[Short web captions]
==================================================
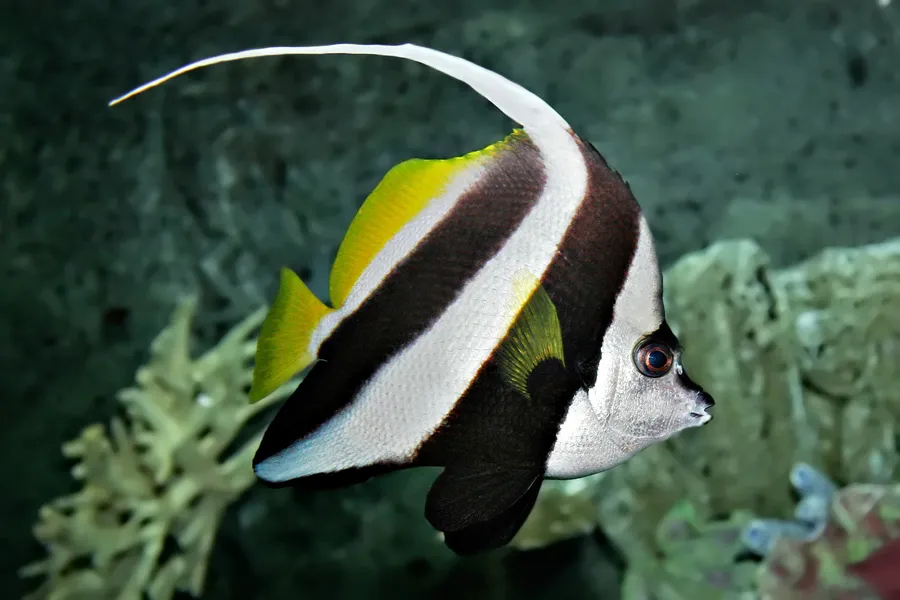 马夫鱼（Bannerfish）的真实照片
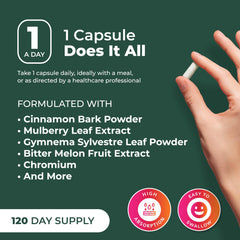 PurePremium bottle rests on a desk with natural light for everyday wellness.
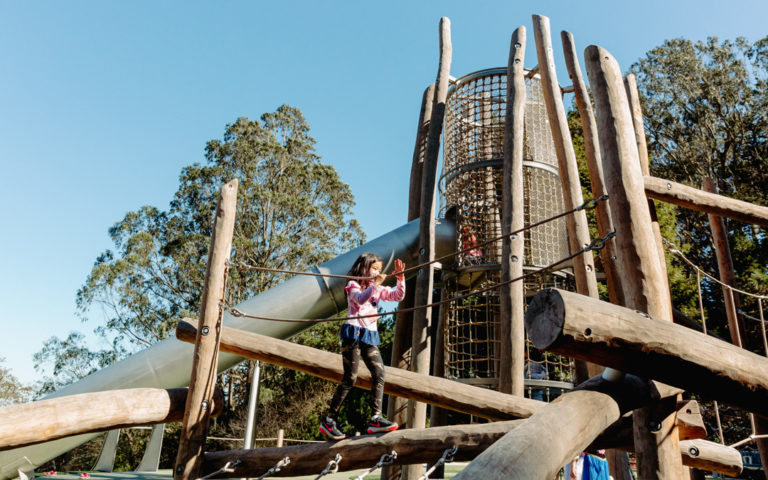 Redwood Grove park playground natural log tower climbing adventure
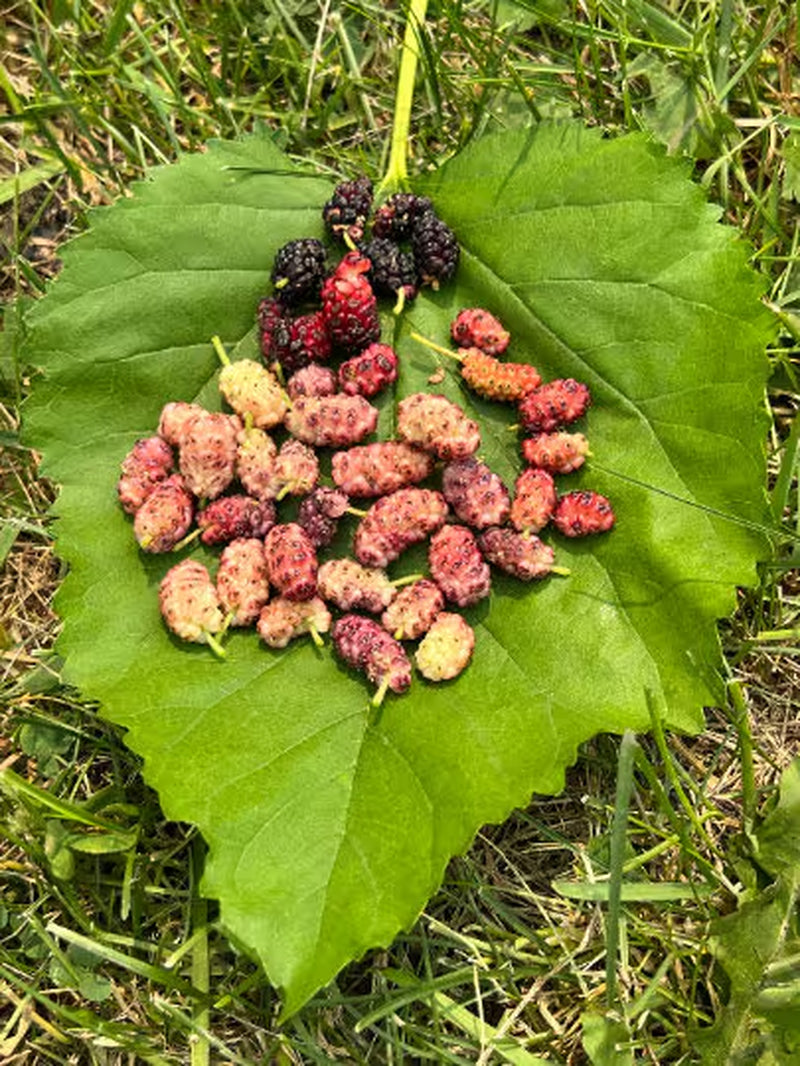 Perennial 15 Mulberry Cuttings Unrooted 5-8 inches
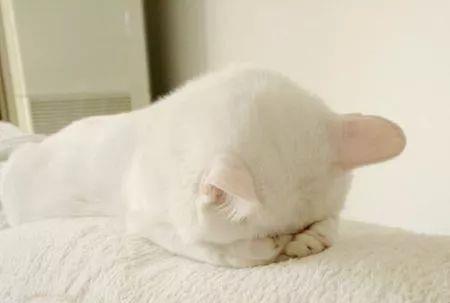 8月21日乐子内容限定：那些让你捧腹大笑的小趣事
==================================================
» **WORK REQUIRED**
In the copy, keep every line of the data above exactly and drop each picture.

» **RESPONSE**
 马夫鱼（Bannerfish）的真实照片
 PurePremium bottle rests on a desk with natural light for everyday wellness.
 Redwood Grove park playground natural log tower climbing adventure
 Perennial 15 Mulberry Cuttings Unrooted 5-8 inches
 8月21日乐子内容限定：那些让你捧腹大笑的小趣事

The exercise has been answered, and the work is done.